C’è un sud che produce, che innova, che inventa, che crea posti di lavoro. Molti prodotti del sud, e non solo dell’agricoltura, un tempo sconosciuti a livello nazionale, oggi sono presenti nei supermercati e nei mercati d’Italia. La palla al piede del sud è costituita dalla qualità delle sue classi dirigenti e delle sue rappresentanze istituzionali, quelle locali e quelle che si mandano a Roma e a Bruxelles. E da una cultura imprenditoriale di tipo parassitario che pensa ai sussidi, agli aiuti da Roma o dall’Europa e non investe, non innova. Pensa all’assistenza, alla pura sopravvivenza, e non immagina un futuro diverso dal passato e dal presente. C’è tutto un mondo che attende di essere affrontato in termini innovativi. Si pensi all’agricoltura che è grande parte della ricchezza meridionale. Può dare occupazione e un reddito decente liberando le campagne dai legacci delle moderne schiavitù come il caporalato; ma, adeguatamente indirizzata, può dare un contributo a diminuire il riscaldamento del pianeta a cui contribuisce con il 37 per cento delle emissioni globali di Co2 come ci insegnano Terra! e altre associazioni ambientaliste.
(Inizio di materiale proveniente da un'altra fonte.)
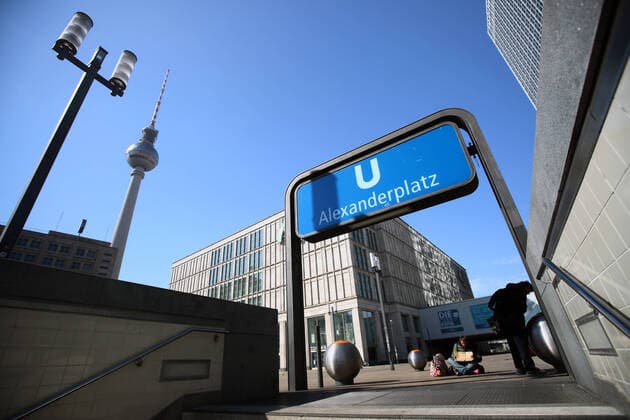 Two homeless people in front of the exit of the subway in an empty Alexanderplatz in Berlin on 25 March 2020 To slow down the spread of the coronavirus COVID 19, the federal and state governments decided to impose further restrictions After museums, theatres, sports events etc. were banned, assemblies with more th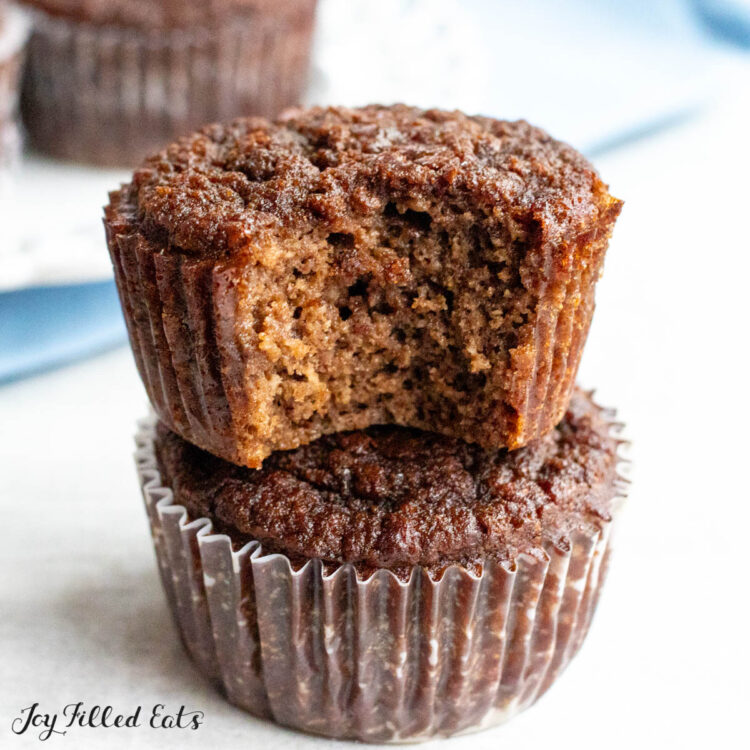 chocolate protein muffins with top muffin missing a bite and napkin behind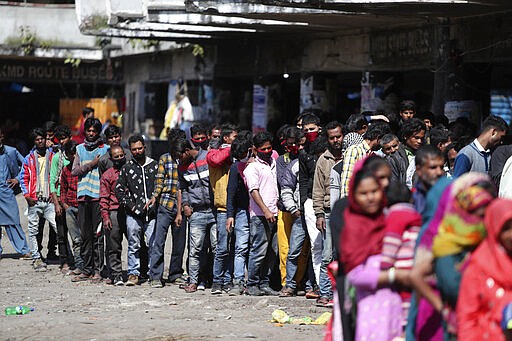 Indian passengers who got stranded at a bus terminal line up for free food being distributed by shop keepers during a day long lockdown amid growing concerns of coronavirus in Jammu, India, Sunday, March 22, 2020. India is observing a 14-hour &#147;people's curfew&#148; called by Prime Minister Narendra Modi in order to stem the rising coronavirus caseload in the country of 1.3 billion. India's government has made fervent appeals to the public to practice social distancing, but experts say, the same is nearly impossible in many Indian cities that are among the world's most densely populated areas. For most people, the new coronavirus causes only mild or moderate symptoms. For some it can cause more severe illness. (AP Photo/Channi Anand)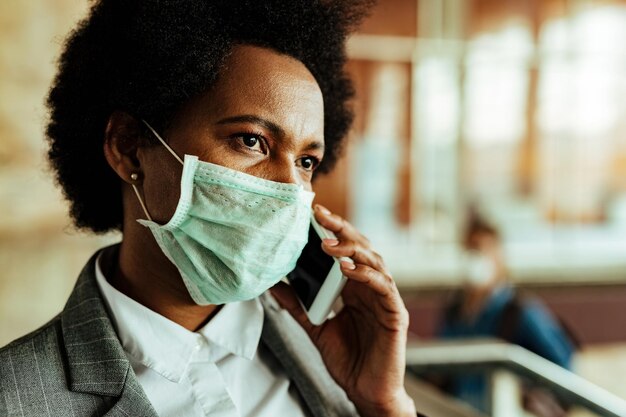 Mujer de negocios afroamericana pensativa que usa mascarilla mientras habla por teléfono en la estación de tren pública durante la epidemia de virus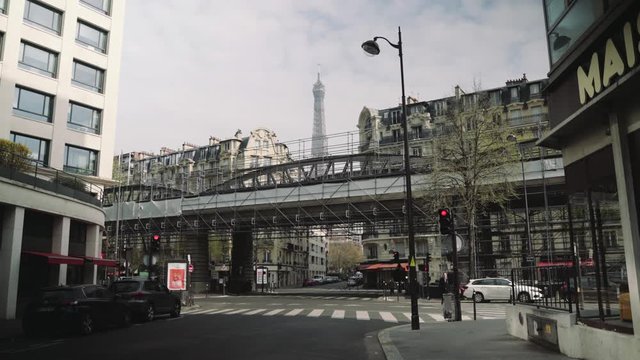 Paris, France / 04 13 2020: Quiet street near Eiffel tower during coronavirus / Covid19 lockdown in Paris, France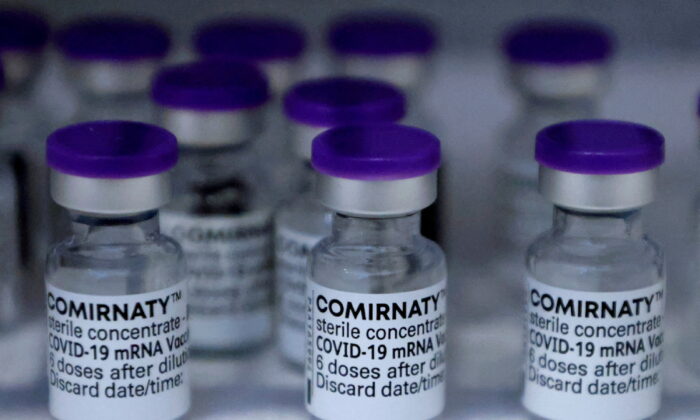Vials of the Pfizer-BioNTech Comirnaty coronavirus disease (COVID-19) vaccine are pictured in a General practitioners practice in Berlin, Germany, on April 10, 2021. (Fabrizio Bensch/Reuters)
Sia chiara un’ultima questione: tutto ciò non sarà un pranzo di gala o una passeggiata, né ci sarà qualcuno disposto a regalare alcunché al Mezzogiorno. Per realizzare certi obiettivi bisogna recuperare, e praticare, alcuni termini della politica che sono stati abbandonati: lotta, conflitto, battaglia politico-culturale che è l’aspetto che di più è mancato. Di questo ci sarà bisogno se si vuole fare un percorso di massa che porti a ridurre le disuguaglianze territoriali e di classe, e a governare i conflitti sociali e la rabbia che sono in agguato, al sud come al nord, se non si daranno le risposte giuste appena ci saremo liberati dal coronavirus; anzi: prima di essercene liberati.